General terms and conditions of brandbook

I. Scope of application
The following terms apply to all orders. Any deviation shall be in writing only.
The client is the company that has placed the order, even if the delivery occurs to a different address. Any deviation shall be in writing only.

II. Service
1. All prices stated in the contractor's tender are valid only if the job data on which the tender was based remain the same. The contractor's prices are exclusive of VAT. The contractor's prices are calculated ex works. Additional costs for packaging, freight, postage, insurance and other shipping costs are not included. 
2. Later alterations made by the client and production stoppage caused by these alterations will be charged to the client. This includes repeated proofs requested by the client because of minor deviations from the master.
3. Layouts, drafts, conceptions, proof copies, samples and other preparatory work requested by the client will be billed even if the order is not placed.

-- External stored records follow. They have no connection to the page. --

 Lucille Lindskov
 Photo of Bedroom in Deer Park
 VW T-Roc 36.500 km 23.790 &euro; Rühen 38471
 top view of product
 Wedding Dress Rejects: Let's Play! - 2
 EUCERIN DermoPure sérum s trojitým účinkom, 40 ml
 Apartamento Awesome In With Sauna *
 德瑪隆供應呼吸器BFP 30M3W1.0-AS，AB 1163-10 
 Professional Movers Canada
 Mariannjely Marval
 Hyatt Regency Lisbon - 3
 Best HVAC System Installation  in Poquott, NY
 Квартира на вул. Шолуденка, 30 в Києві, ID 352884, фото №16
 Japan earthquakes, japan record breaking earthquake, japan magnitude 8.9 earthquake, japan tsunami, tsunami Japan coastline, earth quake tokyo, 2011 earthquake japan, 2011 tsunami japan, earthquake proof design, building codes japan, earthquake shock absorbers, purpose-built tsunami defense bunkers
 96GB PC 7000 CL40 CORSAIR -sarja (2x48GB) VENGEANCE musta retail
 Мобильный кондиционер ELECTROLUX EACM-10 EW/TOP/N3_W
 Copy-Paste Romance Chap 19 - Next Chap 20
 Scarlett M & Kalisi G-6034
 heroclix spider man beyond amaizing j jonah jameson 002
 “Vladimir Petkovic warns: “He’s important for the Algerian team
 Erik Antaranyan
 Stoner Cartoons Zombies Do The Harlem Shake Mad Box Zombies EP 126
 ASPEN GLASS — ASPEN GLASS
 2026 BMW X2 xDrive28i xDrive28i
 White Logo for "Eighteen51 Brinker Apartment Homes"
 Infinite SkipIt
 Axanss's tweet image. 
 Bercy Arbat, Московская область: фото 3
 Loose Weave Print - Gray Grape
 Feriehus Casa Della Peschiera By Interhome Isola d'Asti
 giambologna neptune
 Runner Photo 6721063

The terms of section IX apply mutatis mutandis.

III. Payment
1. Payment (net plus VAT) is due immediately, at the latest, however, within 30 calendar days of the invoice date without deduction. If the client pays within 10 calendar days, the contractor shall grant the client a discount of 2% on the amount invoiced, however excluding the costs for freight, postage, insurance or other shipping costs to the extent they are included in the invoice. The issue date of the invoice shall be the date of delivery, partial delivery or indication of readiness for shipment (obligation to collect goods, default in acceptance).
2. In the case of exceptionally large volumes of paper, other materials or preparatory work, the client may demand an advance payment.
3. The client can only set off claims that are undisputed or confirmed by a final and binding judgment. A client who is a registered merchant under the German Commercial Code (HGB) is not entitled to assert a right of lien or set-off. Rights according to § 320 of the German Civil Code (BGB) will remain unaffected, however, as long as and to the extent that the contractor has failed to fulfil the commitments specified in section VI 3.

IV. Default on payment
1. If fulfilment of a claim is endangered by a deterioration of the client's financial circumstances that has eventuated or was discovered only after conclusion of the contract, the contractor shall be permitted to demand an advance payment and the payment of all unpaid invoices including the ones not due yet, withhold undelivered goods and cease the continued processing of pending orders. The contractor is also entitled to assert these rights if the client defaults on payment. If the due date for payment has not been set by reference to a certain calendar date, the client will be deemed in default once 30 days have elapsed since the invoice was issued.
2. In the event of default on payment, the client shall pay default interest at the applicable discount rate of the Deutsche Bundesbank plus 8 percentage points. The contractor expressly reserves the right to claim additional loss or damage caused by the default.

V. Delivery
1. The contractor shall conduct the delivery of the contract goods for the client with reasonable care, but shall only liable in the case of wilful misconduct or gross negligence. The goods shall be insured according to the respective conditions of the forwarding agent. In accordance with german postal law, the package delivery company will deliver all goods up to the road curb. Exceptions must be requested in advance and in good time. Deliveries to the doorstep, as well as storage of items due to recipient unavailability, and delivery after 5pm or on Saturdays, are at the customer's expense.
2. Delivery dates are only valid if explicitly confirmed by the contractor. If the contract is concluded in writing, the confirmations of delivery dates need to be in writing as well.
3. If the contractor defaults on the performance of its obligations, the client shall grant an appropriate period of grace. If the period of grace expires without result, the client may rescind the contract. Section 361 of the German Civil Code (BGB) will remain unaffected. The contractor shall be liable for loss or damage caused by its default only up to the value of the contract (own contribution excluding advance payment and materials).
4. Interruptions of operation in the business of the contractor or its suppliers - particularly strike, lock-out, war, upheaval and all cases of force majeure - shall not justify a termination of the contractual relationship. The principles of frustration of contract shall remain unaffected.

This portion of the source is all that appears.